Tulane is in the College Football Playoff because, under the new 12‑team format, it earned an automatic bid as one of the highest‑ranked conference champions, and its on‑field résumé (record, league title and key wins) met the committee’s criteria better than other contenders in that slot.

How the CFP spot works

  • In the 12‑team CFP, the top four conference champions get automatic byes, and additional highly ranked conference champions also receive guaranteed playoff spots even if they are seeded lower overall.
  • Tulane qualified as the fourth‑highest‑ranked conference champion , which locked in its place in the field despite being seeded outside the top 10 of the overall rankings.

Tulane’s 2025 résumé

  • Tulane went 11–2 and won the American Athletic Conference Championship Game, beating North Texas 34–21 to clinch the league title and strengthen its playoff case.
  • The team finished No. 20 in the final CFP rankings but, crucially, was ranked higher than other conference champions from similar or lower‑profile leagues, which is what the format rewards.

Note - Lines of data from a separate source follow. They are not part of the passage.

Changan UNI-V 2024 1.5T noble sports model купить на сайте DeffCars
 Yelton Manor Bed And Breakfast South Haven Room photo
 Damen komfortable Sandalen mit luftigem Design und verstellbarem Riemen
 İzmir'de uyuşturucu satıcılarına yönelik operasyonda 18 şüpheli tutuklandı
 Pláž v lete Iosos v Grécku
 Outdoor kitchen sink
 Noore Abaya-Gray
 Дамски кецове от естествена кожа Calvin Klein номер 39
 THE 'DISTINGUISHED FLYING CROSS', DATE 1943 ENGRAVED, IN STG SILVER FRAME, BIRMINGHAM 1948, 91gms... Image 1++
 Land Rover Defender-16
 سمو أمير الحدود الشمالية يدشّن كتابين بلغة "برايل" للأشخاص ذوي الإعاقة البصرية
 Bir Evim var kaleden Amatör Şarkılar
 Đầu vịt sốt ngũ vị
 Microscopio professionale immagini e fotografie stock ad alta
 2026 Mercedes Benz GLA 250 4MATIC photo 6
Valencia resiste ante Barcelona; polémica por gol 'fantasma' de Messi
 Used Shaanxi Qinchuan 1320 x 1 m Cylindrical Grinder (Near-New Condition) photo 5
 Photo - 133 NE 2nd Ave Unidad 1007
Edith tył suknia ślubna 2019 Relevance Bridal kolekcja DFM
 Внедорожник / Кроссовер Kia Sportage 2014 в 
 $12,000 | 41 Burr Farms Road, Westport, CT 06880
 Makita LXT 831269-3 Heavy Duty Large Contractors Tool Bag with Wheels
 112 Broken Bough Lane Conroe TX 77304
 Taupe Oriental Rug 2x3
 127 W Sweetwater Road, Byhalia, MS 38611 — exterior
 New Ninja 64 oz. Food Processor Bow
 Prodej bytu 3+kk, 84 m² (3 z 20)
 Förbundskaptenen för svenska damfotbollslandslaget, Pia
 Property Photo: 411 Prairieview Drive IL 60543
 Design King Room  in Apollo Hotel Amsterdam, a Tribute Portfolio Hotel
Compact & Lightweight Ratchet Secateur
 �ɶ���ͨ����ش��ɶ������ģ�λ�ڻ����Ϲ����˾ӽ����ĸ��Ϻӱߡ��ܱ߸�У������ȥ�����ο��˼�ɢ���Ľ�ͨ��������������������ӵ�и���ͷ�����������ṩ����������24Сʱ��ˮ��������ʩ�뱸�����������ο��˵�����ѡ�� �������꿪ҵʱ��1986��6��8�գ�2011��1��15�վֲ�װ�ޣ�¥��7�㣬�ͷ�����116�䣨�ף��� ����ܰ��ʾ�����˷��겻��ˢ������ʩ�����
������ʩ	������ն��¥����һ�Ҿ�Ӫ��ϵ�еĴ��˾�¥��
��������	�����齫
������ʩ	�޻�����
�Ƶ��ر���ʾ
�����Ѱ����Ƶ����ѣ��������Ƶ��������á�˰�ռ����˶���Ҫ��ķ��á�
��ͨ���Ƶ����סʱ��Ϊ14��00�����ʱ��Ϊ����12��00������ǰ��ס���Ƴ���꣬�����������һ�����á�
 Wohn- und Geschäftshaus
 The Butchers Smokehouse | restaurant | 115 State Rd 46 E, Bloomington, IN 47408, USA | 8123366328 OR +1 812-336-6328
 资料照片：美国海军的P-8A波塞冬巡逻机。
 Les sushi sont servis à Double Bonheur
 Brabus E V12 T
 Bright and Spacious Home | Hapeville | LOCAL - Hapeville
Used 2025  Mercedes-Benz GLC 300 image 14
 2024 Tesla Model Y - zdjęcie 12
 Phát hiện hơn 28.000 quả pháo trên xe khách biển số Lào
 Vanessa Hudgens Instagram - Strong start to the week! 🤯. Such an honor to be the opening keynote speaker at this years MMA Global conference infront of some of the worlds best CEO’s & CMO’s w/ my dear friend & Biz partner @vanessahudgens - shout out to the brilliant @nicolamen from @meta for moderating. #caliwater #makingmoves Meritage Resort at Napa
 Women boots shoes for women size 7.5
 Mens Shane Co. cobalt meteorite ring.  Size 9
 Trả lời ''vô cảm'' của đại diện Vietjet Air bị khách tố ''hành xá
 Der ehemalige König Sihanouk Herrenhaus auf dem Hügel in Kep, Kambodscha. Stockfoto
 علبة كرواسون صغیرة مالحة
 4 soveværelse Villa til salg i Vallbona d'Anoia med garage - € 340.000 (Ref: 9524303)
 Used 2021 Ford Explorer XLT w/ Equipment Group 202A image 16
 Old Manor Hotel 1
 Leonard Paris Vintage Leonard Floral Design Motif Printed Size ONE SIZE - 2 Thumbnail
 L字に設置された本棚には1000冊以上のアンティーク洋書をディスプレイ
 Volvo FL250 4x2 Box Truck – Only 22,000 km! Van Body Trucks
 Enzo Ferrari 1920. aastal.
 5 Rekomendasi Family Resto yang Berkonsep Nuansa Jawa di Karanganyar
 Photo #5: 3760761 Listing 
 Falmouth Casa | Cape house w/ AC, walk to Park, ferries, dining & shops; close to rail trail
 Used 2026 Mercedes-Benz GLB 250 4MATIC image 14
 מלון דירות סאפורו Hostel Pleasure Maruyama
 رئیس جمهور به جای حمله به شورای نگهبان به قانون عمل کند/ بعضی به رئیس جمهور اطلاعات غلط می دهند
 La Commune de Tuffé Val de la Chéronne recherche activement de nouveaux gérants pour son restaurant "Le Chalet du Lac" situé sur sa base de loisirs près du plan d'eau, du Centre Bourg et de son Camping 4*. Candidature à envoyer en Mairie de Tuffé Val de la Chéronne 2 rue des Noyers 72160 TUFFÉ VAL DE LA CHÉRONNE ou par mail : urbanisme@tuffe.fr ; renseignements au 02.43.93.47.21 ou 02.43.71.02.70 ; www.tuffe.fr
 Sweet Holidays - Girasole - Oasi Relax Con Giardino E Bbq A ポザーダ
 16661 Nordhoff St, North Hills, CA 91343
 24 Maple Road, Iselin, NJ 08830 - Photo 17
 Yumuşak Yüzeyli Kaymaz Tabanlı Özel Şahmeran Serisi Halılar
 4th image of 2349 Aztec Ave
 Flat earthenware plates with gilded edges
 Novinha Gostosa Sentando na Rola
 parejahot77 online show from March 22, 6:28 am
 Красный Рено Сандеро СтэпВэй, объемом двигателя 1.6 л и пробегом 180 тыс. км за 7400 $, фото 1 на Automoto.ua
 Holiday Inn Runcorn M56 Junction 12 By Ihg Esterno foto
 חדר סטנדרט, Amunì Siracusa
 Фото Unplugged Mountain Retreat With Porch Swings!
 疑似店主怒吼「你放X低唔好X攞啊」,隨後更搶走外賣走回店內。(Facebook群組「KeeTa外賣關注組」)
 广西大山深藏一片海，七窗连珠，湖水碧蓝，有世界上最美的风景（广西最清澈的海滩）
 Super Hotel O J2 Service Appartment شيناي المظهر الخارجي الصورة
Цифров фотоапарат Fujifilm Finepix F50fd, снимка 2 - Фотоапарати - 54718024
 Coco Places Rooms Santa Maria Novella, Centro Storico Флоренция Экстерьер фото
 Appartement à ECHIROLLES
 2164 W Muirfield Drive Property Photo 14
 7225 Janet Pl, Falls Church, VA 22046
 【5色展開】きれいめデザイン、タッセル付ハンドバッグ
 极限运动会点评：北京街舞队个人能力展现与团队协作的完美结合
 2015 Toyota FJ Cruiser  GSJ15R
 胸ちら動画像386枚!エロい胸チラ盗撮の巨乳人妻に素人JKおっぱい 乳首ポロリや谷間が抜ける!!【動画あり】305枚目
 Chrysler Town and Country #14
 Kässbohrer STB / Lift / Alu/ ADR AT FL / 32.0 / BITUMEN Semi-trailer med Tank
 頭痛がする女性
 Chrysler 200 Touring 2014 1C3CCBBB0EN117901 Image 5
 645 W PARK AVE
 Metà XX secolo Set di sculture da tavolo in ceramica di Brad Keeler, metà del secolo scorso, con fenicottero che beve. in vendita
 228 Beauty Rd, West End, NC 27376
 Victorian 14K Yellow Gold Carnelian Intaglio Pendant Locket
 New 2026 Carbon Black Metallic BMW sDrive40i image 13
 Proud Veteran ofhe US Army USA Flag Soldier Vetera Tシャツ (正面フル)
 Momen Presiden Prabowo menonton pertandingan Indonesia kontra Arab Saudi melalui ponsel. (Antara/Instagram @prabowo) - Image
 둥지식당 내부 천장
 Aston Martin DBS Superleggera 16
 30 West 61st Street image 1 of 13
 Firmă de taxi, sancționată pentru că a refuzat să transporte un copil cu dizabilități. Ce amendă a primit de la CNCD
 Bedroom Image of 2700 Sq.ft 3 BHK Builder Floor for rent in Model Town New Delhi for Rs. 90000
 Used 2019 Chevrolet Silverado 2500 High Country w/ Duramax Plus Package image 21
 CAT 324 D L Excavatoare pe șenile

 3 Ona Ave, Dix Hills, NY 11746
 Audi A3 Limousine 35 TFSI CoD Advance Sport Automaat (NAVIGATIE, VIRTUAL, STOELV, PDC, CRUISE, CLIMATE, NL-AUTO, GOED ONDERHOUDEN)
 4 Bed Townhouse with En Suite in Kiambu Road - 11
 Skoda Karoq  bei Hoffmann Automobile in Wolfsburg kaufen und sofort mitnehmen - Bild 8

Why some fans are confused

  • A lot of the “why is Tulane in the CFP?” noise comes from comparing Tulane’s overall ranking (outside the top 15) to brands from power conferences, leading some to feel a mid‑major champion “doesn’t belong.”
  • Message boards and social media threads frame Tulane as a “Cinderella” or “meme” team, but the actual explanation is structural: the system is designed to guarantee access for strong non‑power‑conference champions, even when advanced metrics or polls rank them lower overall.

Big‑picture context

  • The CFP’s expanded format was explicitly built to give Group of Five (or “Group of 6”) programs a realistic path, so Tulane and teams like James Madison benefit when they win their leagues and land in the upper tier of the rankings.
  • That setup creates more national interest and underdog storylines, even if it frustrates fans who would rather see another mid‑tier SEC or Big Ten team slotted into those spots.

Bottom line: Tulane is not in the playoff as a “favor”; it is there because the new rules reward being a high‑ranked conference champion, and Tulane did exactly what that system asked it to do on the field.

Information gathered from public forums or data available on the internet and portrayed here.